(Exercise) Copy nothing but the lines below running from the line containing "How do I adjust" through the line containing "The Virtex-7 690T", both end lines included.

(Dataset records)
################

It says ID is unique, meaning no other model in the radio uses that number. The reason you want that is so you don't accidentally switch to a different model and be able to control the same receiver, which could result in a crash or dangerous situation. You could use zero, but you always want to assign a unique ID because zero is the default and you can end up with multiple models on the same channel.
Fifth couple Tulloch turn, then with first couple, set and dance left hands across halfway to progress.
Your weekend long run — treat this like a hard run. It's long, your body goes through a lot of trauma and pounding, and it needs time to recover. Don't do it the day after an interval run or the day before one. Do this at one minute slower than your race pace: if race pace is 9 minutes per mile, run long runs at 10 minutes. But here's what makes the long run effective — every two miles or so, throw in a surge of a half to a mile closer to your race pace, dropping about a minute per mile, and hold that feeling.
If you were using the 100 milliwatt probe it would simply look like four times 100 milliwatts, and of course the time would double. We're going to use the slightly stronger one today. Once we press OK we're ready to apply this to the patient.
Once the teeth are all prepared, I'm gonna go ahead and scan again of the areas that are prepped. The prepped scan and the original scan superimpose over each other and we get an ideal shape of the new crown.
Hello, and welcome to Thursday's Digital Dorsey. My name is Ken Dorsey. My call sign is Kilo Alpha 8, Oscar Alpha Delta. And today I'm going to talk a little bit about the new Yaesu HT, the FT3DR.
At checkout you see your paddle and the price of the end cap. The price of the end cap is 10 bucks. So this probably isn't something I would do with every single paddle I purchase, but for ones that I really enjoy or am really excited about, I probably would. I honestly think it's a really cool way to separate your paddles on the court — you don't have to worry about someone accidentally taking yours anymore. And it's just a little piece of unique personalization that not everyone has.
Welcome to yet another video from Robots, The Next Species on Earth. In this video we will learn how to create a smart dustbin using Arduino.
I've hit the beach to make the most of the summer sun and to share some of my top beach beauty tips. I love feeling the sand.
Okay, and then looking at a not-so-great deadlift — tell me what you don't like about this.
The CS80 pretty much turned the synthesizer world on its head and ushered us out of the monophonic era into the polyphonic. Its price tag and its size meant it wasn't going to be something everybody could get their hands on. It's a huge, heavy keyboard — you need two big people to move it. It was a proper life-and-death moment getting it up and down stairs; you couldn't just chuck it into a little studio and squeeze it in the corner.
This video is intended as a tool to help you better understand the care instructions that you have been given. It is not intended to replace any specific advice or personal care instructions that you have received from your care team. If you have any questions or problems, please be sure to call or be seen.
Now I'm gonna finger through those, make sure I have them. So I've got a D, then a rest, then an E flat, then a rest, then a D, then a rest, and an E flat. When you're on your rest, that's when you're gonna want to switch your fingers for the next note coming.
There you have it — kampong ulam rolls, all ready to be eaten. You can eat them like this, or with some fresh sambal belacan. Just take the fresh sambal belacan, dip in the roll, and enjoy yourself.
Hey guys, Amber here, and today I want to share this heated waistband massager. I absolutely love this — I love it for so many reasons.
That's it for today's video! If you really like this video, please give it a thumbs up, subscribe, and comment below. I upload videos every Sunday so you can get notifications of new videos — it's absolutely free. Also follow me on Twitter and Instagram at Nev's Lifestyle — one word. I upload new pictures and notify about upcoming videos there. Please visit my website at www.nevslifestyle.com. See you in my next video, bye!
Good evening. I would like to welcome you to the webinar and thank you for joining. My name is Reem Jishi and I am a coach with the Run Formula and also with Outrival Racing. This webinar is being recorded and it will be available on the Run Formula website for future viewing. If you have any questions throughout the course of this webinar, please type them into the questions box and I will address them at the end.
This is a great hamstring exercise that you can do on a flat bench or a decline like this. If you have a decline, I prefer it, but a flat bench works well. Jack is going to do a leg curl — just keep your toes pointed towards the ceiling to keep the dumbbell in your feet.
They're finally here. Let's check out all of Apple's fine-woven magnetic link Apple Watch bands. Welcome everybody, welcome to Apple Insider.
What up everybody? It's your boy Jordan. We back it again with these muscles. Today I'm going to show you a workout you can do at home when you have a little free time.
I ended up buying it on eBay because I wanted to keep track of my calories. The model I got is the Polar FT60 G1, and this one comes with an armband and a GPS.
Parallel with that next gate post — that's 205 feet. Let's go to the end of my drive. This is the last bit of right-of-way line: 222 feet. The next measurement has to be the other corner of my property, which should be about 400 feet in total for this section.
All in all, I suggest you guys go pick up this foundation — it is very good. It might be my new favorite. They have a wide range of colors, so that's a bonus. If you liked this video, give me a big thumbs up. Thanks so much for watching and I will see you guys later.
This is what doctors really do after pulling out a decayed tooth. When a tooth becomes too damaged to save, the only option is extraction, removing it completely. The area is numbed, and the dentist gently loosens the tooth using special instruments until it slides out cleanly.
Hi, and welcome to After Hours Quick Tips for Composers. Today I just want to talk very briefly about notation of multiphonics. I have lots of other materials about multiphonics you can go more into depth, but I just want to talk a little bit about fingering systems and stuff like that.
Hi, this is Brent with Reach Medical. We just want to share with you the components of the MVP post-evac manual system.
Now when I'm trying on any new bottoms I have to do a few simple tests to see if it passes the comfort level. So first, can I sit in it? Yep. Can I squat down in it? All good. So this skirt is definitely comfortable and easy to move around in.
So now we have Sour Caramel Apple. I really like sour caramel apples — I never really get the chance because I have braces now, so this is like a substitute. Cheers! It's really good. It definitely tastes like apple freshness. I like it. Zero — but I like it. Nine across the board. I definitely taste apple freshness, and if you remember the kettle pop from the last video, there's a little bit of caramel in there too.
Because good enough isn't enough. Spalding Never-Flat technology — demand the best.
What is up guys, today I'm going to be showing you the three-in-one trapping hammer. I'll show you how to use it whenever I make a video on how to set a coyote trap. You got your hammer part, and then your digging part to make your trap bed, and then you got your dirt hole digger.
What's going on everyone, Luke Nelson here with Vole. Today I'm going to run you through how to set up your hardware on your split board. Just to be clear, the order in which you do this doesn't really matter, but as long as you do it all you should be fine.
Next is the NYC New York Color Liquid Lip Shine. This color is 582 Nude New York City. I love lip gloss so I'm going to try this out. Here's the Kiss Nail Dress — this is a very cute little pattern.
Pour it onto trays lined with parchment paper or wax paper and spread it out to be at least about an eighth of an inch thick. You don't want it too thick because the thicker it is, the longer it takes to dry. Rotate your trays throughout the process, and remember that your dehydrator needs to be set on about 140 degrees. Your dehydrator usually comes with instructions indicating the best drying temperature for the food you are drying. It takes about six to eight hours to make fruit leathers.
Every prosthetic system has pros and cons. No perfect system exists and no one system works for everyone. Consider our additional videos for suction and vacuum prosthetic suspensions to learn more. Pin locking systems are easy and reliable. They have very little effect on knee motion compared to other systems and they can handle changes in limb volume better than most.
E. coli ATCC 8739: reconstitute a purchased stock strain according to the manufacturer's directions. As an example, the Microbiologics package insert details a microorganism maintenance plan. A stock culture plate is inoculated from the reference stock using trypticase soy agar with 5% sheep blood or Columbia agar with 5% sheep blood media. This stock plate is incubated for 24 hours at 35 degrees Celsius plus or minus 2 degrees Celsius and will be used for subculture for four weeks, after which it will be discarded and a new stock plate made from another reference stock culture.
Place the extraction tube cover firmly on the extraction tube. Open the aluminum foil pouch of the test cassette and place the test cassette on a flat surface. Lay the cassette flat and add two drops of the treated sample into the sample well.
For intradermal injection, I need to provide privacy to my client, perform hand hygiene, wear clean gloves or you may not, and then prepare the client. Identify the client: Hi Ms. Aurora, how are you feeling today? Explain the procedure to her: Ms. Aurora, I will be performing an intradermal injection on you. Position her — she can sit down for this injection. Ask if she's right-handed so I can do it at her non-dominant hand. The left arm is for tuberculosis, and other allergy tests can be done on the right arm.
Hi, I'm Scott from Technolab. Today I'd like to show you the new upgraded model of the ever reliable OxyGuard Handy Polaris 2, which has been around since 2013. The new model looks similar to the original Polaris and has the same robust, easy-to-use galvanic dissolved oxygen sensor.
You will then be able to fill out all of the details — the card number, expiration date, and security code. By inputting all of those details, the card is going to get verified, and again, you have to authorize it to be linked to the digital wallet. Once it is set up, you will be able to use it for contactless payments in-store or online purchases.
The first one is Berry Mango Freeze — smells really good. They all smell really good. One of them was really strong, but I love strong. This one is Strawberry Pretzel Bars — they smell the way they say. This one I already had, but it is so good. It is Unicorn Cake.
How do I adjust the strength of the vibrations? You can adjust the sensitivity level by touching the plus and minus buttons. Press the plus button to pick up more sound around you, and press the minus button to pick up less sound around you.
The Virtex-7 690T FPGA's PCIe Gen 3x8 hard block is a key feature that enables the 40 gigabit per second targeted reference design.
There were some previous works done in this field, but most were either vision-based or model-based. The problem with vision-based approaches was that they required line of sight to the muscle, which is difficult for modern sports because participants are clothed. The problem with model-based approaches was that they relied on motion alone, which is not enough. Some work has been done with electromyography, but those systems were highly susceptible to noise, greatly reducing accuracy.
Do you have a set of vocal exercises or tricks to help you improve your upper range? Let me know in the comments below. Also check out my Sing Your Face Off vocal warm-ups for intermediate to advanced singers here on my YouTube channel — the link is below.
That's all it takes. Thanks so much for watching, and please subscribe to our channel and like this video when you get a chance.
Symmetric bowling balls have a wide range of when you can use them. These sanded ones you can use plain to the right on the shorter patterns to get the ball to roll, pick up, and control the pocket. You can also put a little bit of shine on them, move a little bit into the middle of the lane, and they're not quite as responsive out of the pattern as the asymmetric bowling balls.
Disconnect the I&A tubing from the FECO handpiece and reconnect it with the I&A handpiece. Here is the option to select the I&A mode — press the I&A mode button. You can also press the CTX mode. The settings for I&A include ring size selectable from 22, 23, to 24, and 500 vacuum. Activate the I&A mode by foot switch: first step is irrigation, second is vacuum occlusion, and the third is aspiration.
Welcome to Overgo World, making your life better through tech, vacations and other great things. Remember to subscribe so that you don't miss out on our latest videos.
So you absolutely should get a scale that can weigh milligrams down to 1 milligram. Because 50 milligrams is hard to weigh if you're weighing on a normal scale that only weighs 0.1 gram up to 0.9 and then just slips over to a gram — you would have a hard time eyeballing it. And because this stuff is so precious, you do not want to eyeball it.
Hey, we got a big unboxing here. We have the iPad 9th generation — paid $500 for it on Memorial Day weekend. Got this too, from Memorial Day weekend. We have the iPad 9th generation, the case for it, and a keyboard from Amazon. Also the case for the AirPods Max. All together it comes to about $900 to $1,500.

################

(Exercise result)
How do I adjust the strength of the vibrations? You can adjust the sensitivity level by touching the plus and minus buttons. Press the plus button to pick up more sound around you, and press the minus button to pick up less sound around you.
The Virtex-7 690T FPGA's PCIe Gen 3x8 hard block is a key feature that enables the 40 gigabit per second targeted reference design.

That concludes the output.